"""

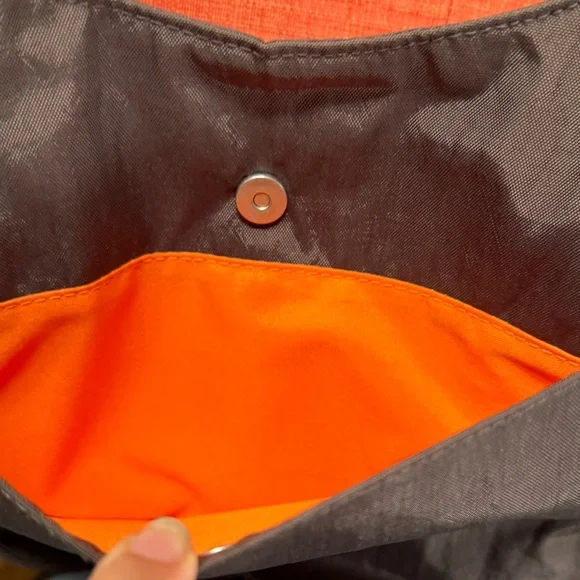 Baggalini Two-Tone cross body Shoulder Bag - Picture 6 of 9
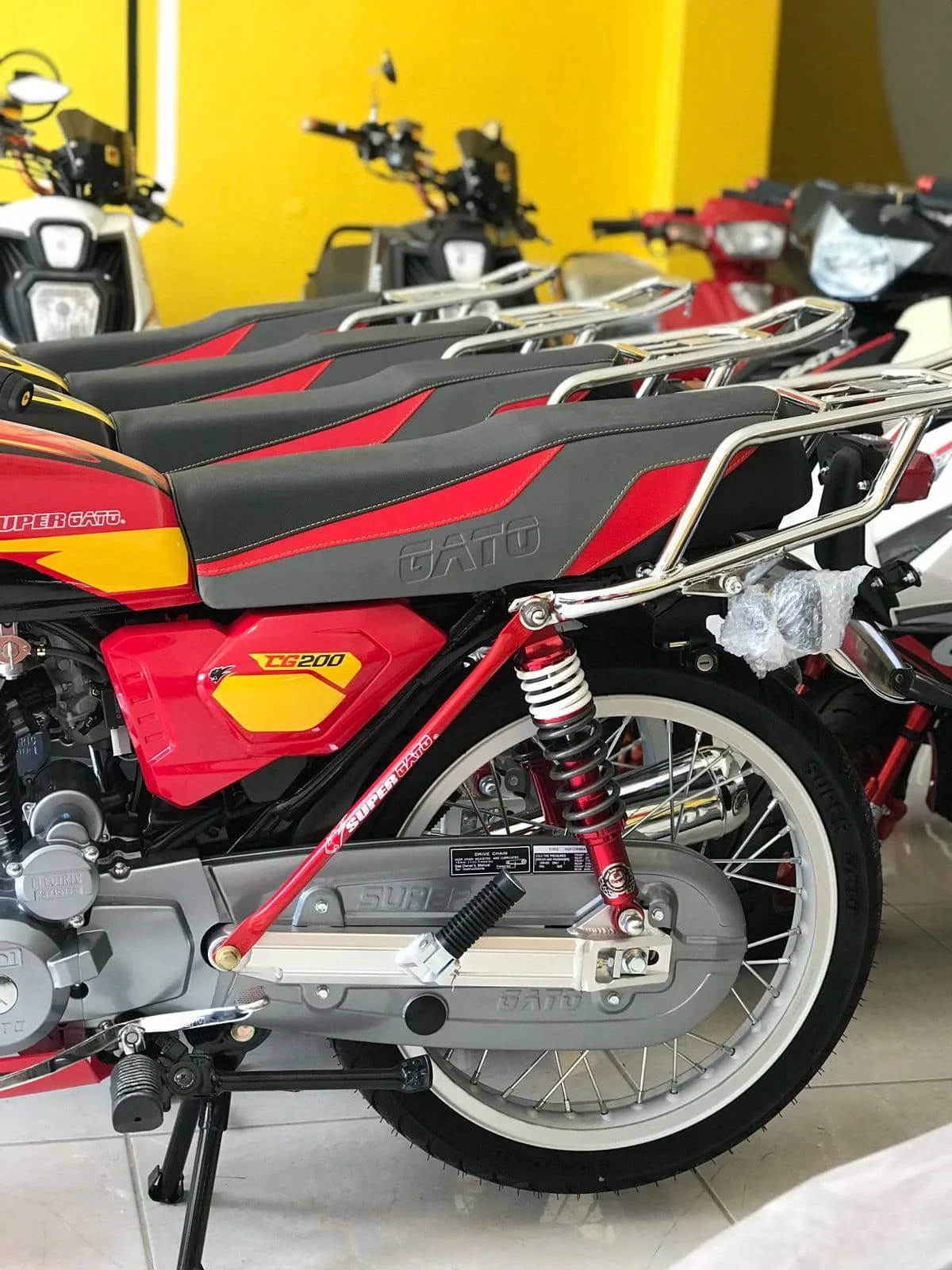 CG 200 Racing - Imagen 2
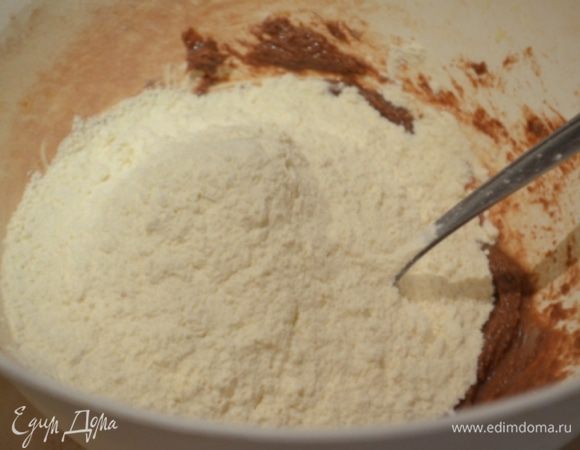 Добавить муку и замесить песочное тесто.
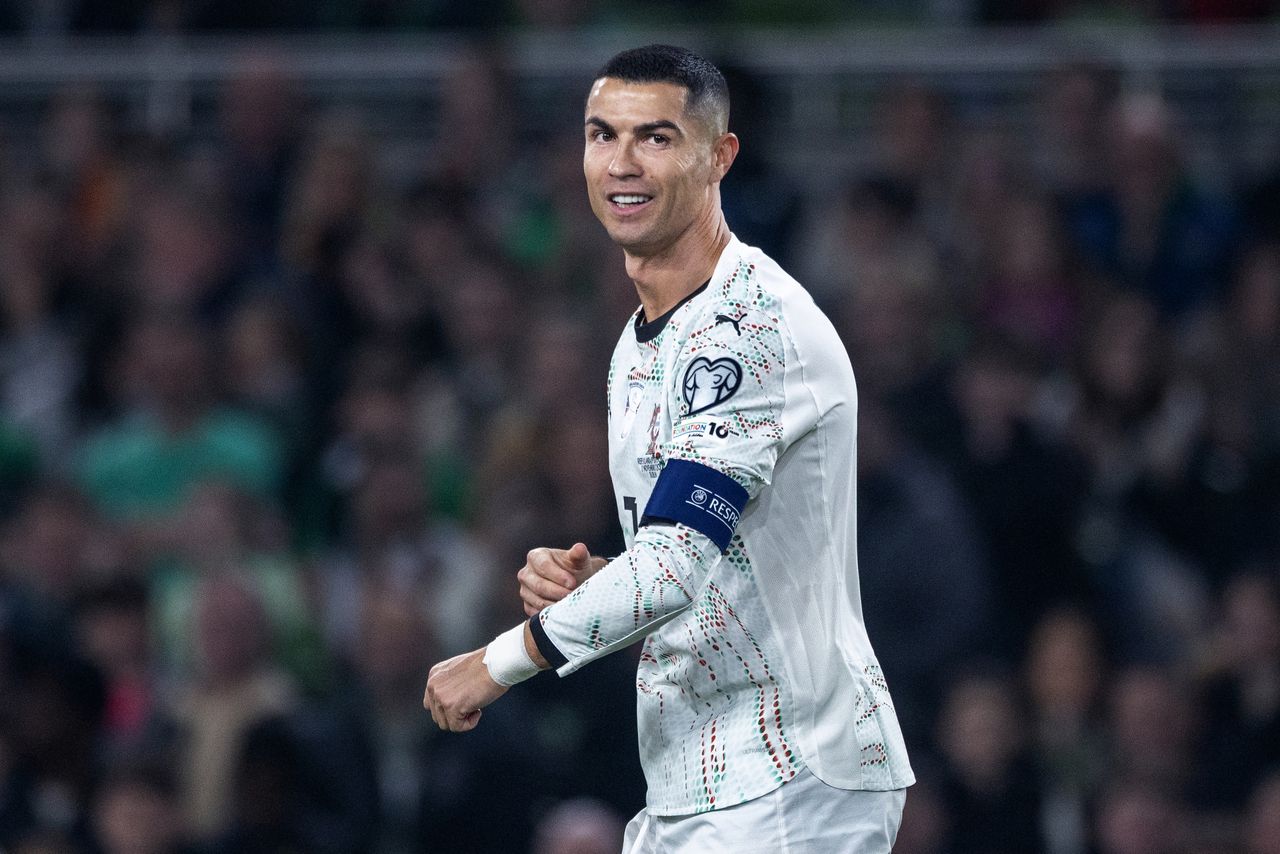 Ależ gest Cristiano Ronaldo. To podarował kolegom. "Kilka tys. euro" za szt.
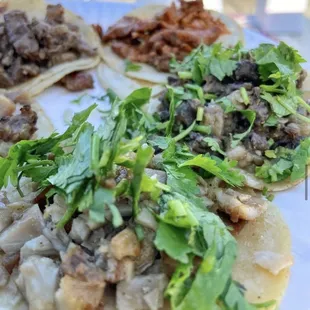 Tacos de Lengua y Chicharon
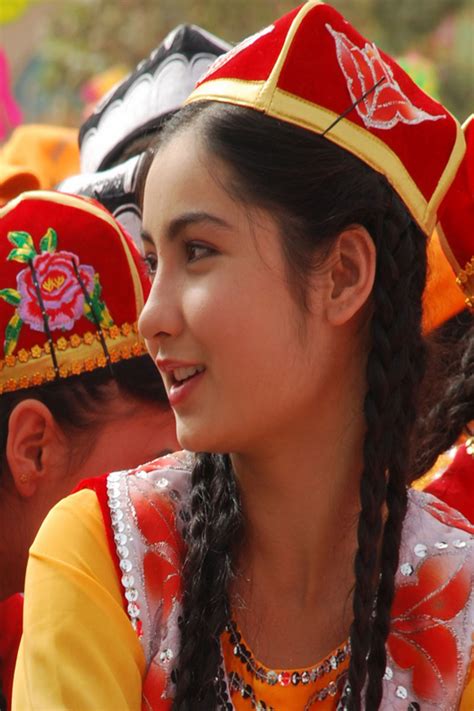 她才是最美新疆女明星 面纱一摘秒杀迪丽热巴、古力娜扎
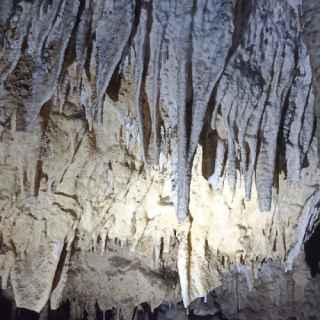 Пещера Навенахеви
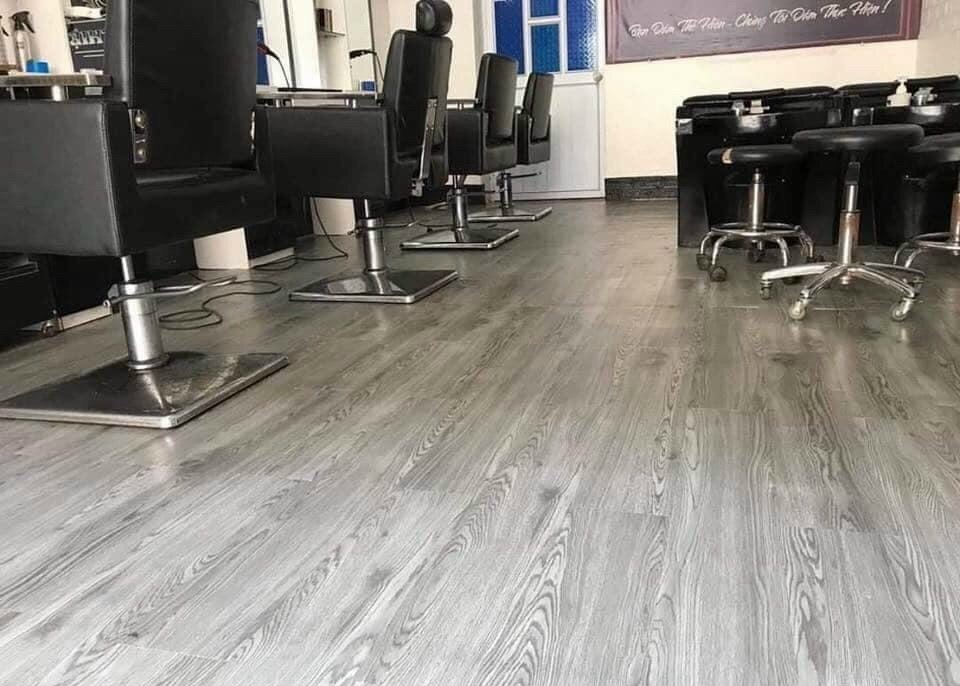 Sàn nhựa dán keo sử dụng cho salon tóc Sàn nhựa dán keo sử dụng cho salon tóc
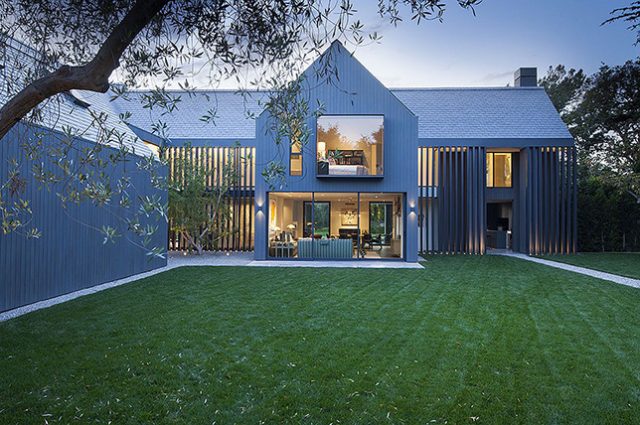 modern gable and valley roof styles 640x425 1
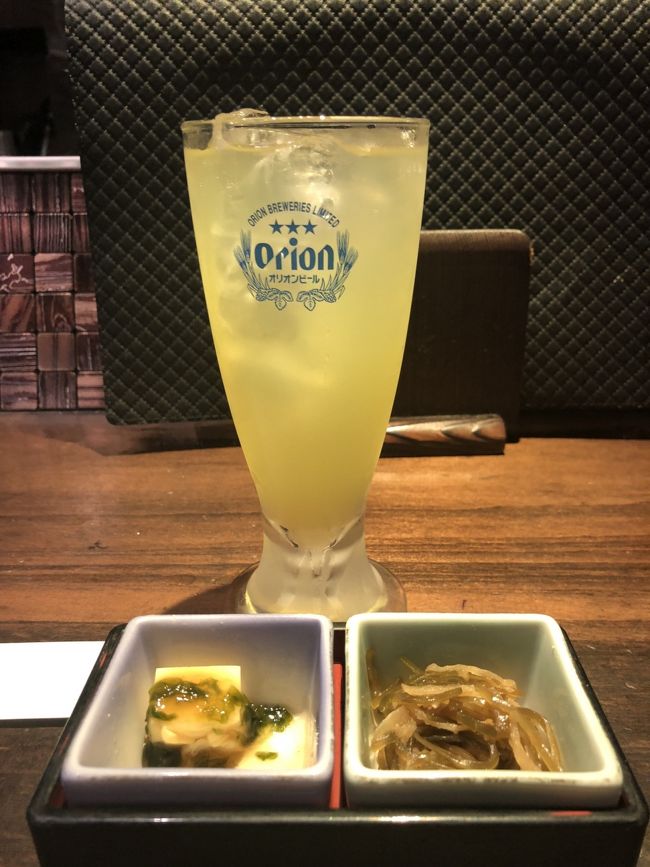 お通しとシークワーサーハイ<br /><br /> emiさんは口の脇が切れて、はや１週間なので、ビタミンB12の、欠乏を疑っているダリル！ 船酔いだ！と本人は言ってるけど、平衡感覚の異常は、欠乏症の症状だよ～～？<br /><br />極端に細いから、胃酸の分泌が衰えているのかも？ だと、船でたくさんの肉を食べても、カラダに吸収されないのかなぁ～？<br /><br />極端なベジタリアンでないと、B12って、まずは不足しないんですけどね？ 老人専門職は、お仕事モードで乗客を 見てしまうなぁ～？ 爪が灰色なので、血虚で当たってるかも？ 海苔（葉酸）といっしょに食べないと、いけないので、ダリルは毎日、手巻き寿司用の海苔で、クリームチーズを食べて 補給してます！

"""

The task:
Reproduce all of the material exactly, apart from the pictures.

Response box:
 Baggalini Two-Tone cross body Shoulder Bag - Picture 6 of 9
 CG 200 Racing - Imagen 2
 Добавить муку и замесить песочное тесто.
 Ależ gest Cristiano Ronaldo. To podarował kolegom. "Kilka tys. euro" za szt.
 Tacos de Lengua y Chicharon
 她才是最美新疆女明星 面纱一摘秒杀迪丽热巴、古力娜扎
 Пещера Навенахеви
 Sàn nhựa dán keo sử dụng cho salon tóc Sàn nhựa dán keo sử dụng cho salon tóc
 modern gable and valley roof styles 640x425 1
 お通しとシークワーサーハイ<br /><br /> emiさんは口の脇が切れて、はや１週間なので、ビタミンB12の、欠乏を疑っているダリル！ 船酔いだ！と本人は言ってるけど、平衡感覚の異常は、欠乏症の症状だよ～～？<br /><br />極端に細いから、胃酸の分泌が衰えているのかも？ だと、船でたくさんの肉を食べても、カラダに吸収されないのかなぁ～？<br /><br />極端なベジタリアンでないと、B12って、まずは不足しないんですけどね？ 老人専門職は、お仕事モードで乗客を 見てしまうなぁ～？ 爪が灰色なので、血虚で当たってるかも？ 海苔（葉酸）といっしょに食べないと、いけないので、ダリルは毎日、手巻き寿司用の海苔で、クリームチーズを食べて 補給してます！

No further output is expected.